By Emily Zantow/Courthouse News
MADISON, Wis. (CN) – The Wisconsin Supreme Court heard oral arguments Friday in a case centered around whether operating a home as a vacation rental constitutes commercial activity.
Neighbors filed a lawsuit in 2016 against Lee and Mary Jo Neuschwander, who have been renting out their waterfront property in Hayward, Wis., since 2014 as a short-term vacation home.
The neighbors, represented by Linda Coleman of Carlson & Coleman, argued the rentals violate a restrictive deed covenant everyone in the neighborhood adheres to, which dictates “there shall be no commercial activity on any of said lots.”
The trial court agreed and ruled the Neuschwanders’ short-term rentals violated the covenant’s prohibition against commercial activity and ordered an injunction barring further rentals, except during the weekend of North America’s largest cross country ski race, the American Birkebeiner.
Attorney Anne Berleman Kearney of Appellate Consulting Group filed an appeal on behalf of the Neuschwanders and the Wisconsin Court of Appeals reversed last year, finding that public policy favors free and unrestricted use of property.

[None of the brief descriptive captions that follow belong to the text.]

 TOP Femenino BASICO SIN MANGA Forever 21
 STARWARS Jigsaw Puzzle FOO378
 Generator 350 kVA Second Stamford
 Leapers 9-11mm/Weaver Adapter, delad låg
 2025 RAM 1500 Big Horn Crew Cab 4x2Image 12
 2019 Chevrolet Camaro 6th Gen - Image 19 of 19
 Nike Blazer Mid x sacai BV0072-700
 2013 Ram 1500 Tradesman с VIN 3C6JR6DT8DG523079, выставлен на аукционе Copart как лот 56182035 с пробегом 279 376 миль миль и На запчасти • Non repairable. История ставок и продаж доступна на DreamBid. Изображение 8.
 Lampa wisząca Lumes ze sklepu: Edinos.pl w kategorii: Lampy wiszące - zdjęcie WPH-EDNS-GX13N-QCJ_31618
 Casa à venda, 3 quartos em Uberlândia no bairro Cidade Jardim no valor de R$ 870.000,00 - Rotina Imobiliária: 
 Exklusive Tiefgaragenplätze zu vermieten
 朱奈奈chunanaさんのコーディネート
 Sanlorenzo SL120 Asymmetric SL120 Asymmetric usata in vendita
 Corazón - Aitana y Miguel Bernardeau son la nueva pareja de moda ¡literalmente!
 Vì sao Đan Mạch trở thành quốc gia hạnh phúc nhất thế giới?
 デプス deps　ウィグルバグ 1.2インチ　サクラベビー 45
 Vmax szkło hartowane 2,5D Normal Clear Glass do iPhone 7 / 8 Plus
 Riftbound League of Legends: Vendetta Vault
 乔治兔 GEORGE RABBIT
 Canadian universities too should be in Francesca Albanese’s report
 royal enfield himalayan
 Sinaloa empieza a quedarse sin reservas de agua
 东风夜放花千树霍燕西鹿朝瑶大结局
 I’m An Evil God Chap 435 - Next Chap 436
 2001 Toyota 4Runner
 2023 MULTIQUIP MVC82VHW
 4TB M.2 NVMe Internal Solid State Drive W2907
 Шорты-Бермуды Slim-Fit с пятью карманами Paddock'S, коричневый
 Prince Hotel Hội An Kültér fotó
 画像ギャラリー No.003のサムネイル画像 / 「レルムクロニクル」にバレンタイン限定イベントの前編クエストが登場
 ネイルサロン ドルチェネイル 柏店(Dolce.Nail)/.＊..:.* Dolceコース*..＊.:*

It deemed the restrictive covenant to be ambiguous as to whether the ban commercial activity on the neighborhood lots was meant to preclude short-term rentals.
The Wisconsin Court of Appeals noted that several other state appeals courts have ruled similarly, and also found that the trial court went beyond the restrictive covenant and considered extrinsic evidence to determine the covenant’s intent.
The neighbors say the Neuschwanders’ home, advertised as “Lake Point Lodge,” was acquired as part of a tax-deferred 1031 exchange in which the Neuschwanders transferred another property in exchange for it. To maintain its tax status, they are required to hold the property for productive use in a trade business or for investment.
In 2015, the property was rented to over 170 people and the couple received $55,000 in rent and paid the city $4,000 in room tax, according to court documents.
The Neuschwanders argue the property is being held for trade or business purposes, is being advertised for rental and is being rented in exchange for money, which is being taxed.
“We think because words like ‘owner-occupied’ and ‘leasing’ are not in the covenant terms, that means that they are not unambiguously prohibited…You really need to look at what’s on the property itself and the use of the property,” attorney Berleman Kearney argued before the Wisconsin Supreme Court on Friday.
She said the nature of the use of the property is not about what the owner does, but rather what the tenant does.
“The focus is what’s happening in the residence. What [is the tenant] doing when they step into the shoes of the owner? They are eating, sleeping, recreating… You could be stepping in as a short-term rental and selling bait and tackle, that’s different,” Berleman Kearney said.
The neighbors’ attorney, Coleman, disagreed and argued in her rebuttal that the relevant issue is actually the money exchange, not the activity.
“The inquiry should be not on what the activity is but whether somebody is paying to engage in it on the lot. I can watch a DVD at home, that’s not commercial. I can pay to do it somewhere else—that is,” she said.
Justice Annette Ziegler questioned the definition of “commercial activity.”
“People have home offices, people sell things on eBay, people babysit… they sell Mary Kay,” Ziegler said. “Here is what troubles me: if I own property, I think there’s a presumption that I can do a lot of things with my own property and if you’re going to restrain me from doing things on my own property, it ought to be really clear what I’m prohibited from doing. So where is the clarity in the word ‘commercial activity?’ It seems so broad to me that it almost is unenforceable.”
Coleman explained her definition of the term.
“We don’t have here a year-long lease of a one-family that might look a lot like any other residential situation. We have a new party every week, with a huge group of people who are ready to cut loose and have a good time in a neighborhood they don’t know and they have no connection to,” the attorney said.
Coleman continued, “It’s repeated strangers coming through the neighborhood driving down this tiny drive, past all of these homes with a lot of traffic, lots of cars, trailers and noise. That’s what’s happening. It looks like many other businesses with hundreds of customers a year making tens of thousands. That’s commercial activity. It looks like it, it acts like it and we ask that this court enforce this covenant and protect these property owners and their expectations on this property.”
It is unclear when the Wisconsin Supreme Court will issue a decision in the case.